Let us establish one thing before I began: colour blindness is a real condition, lack of style is not. Anyone who claims being “colour blind” because they lack fashion sense is a moron. Sensitivity rules apply: if you don’t have that condition, don’t claim you do. It’s rude.
God loves beauty. God made beauty. Beauty can be found in every colours of the rainbow and every colour of nature. Unfortunately, some people seem to believe that colour-matching should be left to God and spend no time on trying their hands at it themselves. Wether it be scarves, clothing, makeup: some things go together and some don’t. Please! As anyone who’s ever tried buying paint knows, there are many MANY colours out there, so I will try and help you make sense of it all by giving you some simple rules of colour-matching.
RULE 1: Learn your warm and your cold
Colours are usually divided between warm and cold colours: Reds, Oranges, and Yellows are warm colours and Greens, Blues and Purples are cold colours. Browns and Pinks are warm, Greys are cold. Black and White can really be placed in either. I usually advise to stick to either warm or cold colours together. If you want a striking mixed-palette effect, go opposites: red with green, orange with blue or yellow with purple.
RULE 2: Light for light, dark for dark
Colours can go from pastel (pale) to bright to dark. When chosing your colour palette, try and stick with one. A bright purple will go well with a bright green or a bright blue, a dark red with a dark yellow, etc. Black and White can be used with any “shade” of colours, but of course white works better with bright or lighter, and black works better with darker.The only exception to this rule is neon… just don’t do all neons or you will be thrown back to the 90s. And really, neons? why?

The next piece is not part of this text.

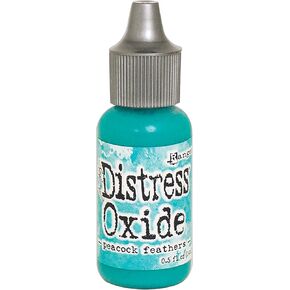 Ranger TDR57208 Tim Holtz Distress Oxides ReinkersPeacock, Peacock Feathers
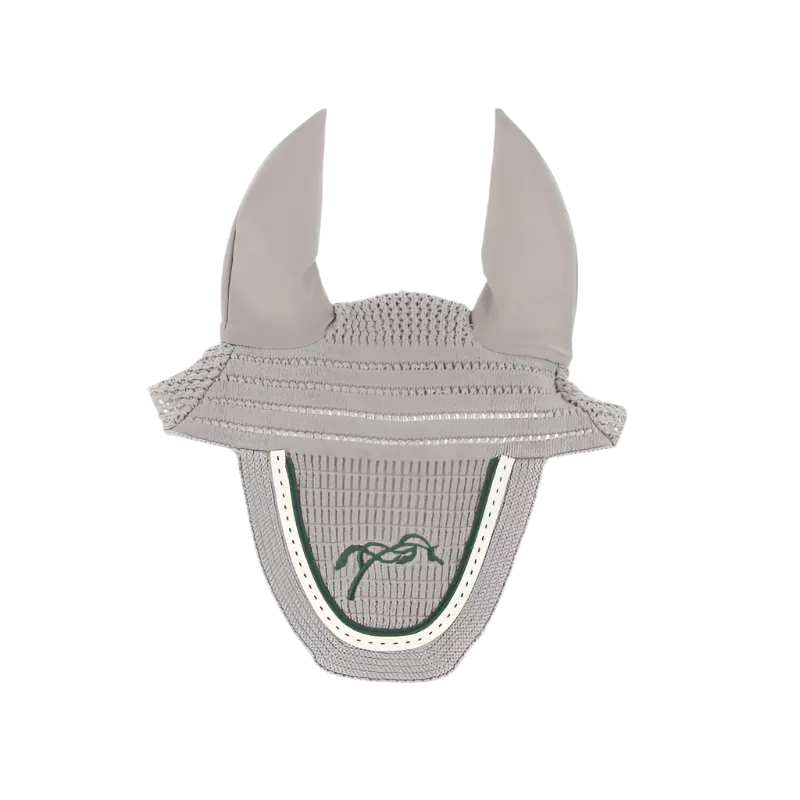 Pénélope - Bonnet gris clair / vert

RULE 3: One patern for one plain
I know some great coordinators can pull off two patterns expertly buuuuuuut this should be left for expert coordinators. Please wait until you feel expert enough before trying this yourself. If you MUST mix patterns, the general rule is to have one big patterns for one small pattern. For example, a suit with large stripes with a tie with polka dots. I would still advise to have one plain in there such as a plain dress shirt to balance the look. With head scarf, this is especially true, if you choose one scarf which has patterns, you should pick an underscarf with little to no pattern. If you are using more than one scarf, make sure to alternate plain and pattern, otherwise you will find yourself overwhelmed by your head scarf!
RULE 4: Accentuate one feature at a time
This rule applies perfectly to makeup, accentuate your eyes or your lips, never both at once, or you’ll look clownish. However, this rule can also help take a look from pretty to outstanding when applied to clothes. For example, wearing all white with a blue shirt or greys and blacks with red accessories. Playing up one part of your attire is a sure fire way of getting the attention where you want it to: Bright pants, neutral shirt; bright shirt, neutral pants; bright accessories, neutral clothing.